One-Trick Pony... with a Hammer?
The Merriam-Webster Online dictionary defines the term One-Trick Pony as "one that is skilled in only one area; also one that has success only once." In this posting we are concerned with leaders that are One-Trick Ponies in that they are only skilled in one area.
We have all been direct reports of people who never establish a relationship with their team but give orders and expect that they are followed. We have experienced others that build a team and are consensus driven. Both can be effective in the right organization and environment. Both can crash and burn if put into the wrong organization and wrong environment.
There have been plenty of executives that have only one style or one approach to management and are very successful. We believe that a leader can be more effective if the he or she has a few skills and styles and knows how to apply them when that style best fits the circumstances or situation at hand. This is called Situational Leadership and was developed in the 1970s by Paul Hersey, author of a book entitled Situational Leader, and Ken Blanchard, author of Management of Organizational Behavior.

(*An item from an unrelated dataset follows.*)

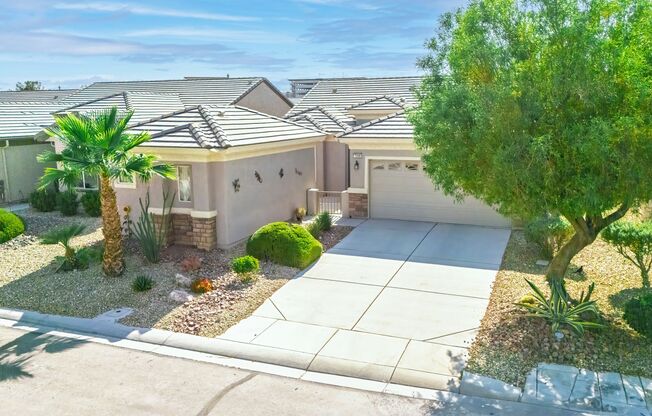 GOLF COURSE VIEWS & SOLAR PANELS! 55+ COMMUNITY AT SUN CITY ALIANTE - SINGLE-STORY 2-BEDROOM + CASITA!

Everyone has a dominant style of management and it pays to know what that is. We also have to know and be aware of the limitations of that dominant style and work to overcome these limitations that we most certainly will be faced with. We need to compensate by learning a new style that is more appropriate for these, well, situations. The new style must be learned. It has to be practiced in the real world until it becomes almost as natural the dominant style is. When we are able to master a secondary and, perhaps, a tertiary skill we will be better able to manage in the variety of situations we will most certainly face.
When we can accomplish this we will no longer be One-Trick Leaders.
This one trick concept has also applied to process improvement and problem solving for many years. One must have a variety of tools the tool boxes. We needs tools for exploring, defining and refining the issues, finding root causes, determining solutions, selecting the solutions, implementing the solutions, and controlling the process to maintain the gains. We need tools for collecting, sorting, and prioritizing the needs and wants of the customers. We have to be able to flow chart the process both the AS-IS and TO-BE. We need to be able to define key points to measure either products or process and have the tools to then get easy, accurate, and repeatable measures to verify improvements and maintain them.
One cannot have just one tool in the tool box. One cannot have just one arrow in the quiver. We used to have a saying in the early days of quality in the automotive industry when the less enlightened were trying to apply either Statistical Process Control or Taguchi Methods to any and every possible situation:
If the only tool you have is a hammer, then every problem looks like a nail.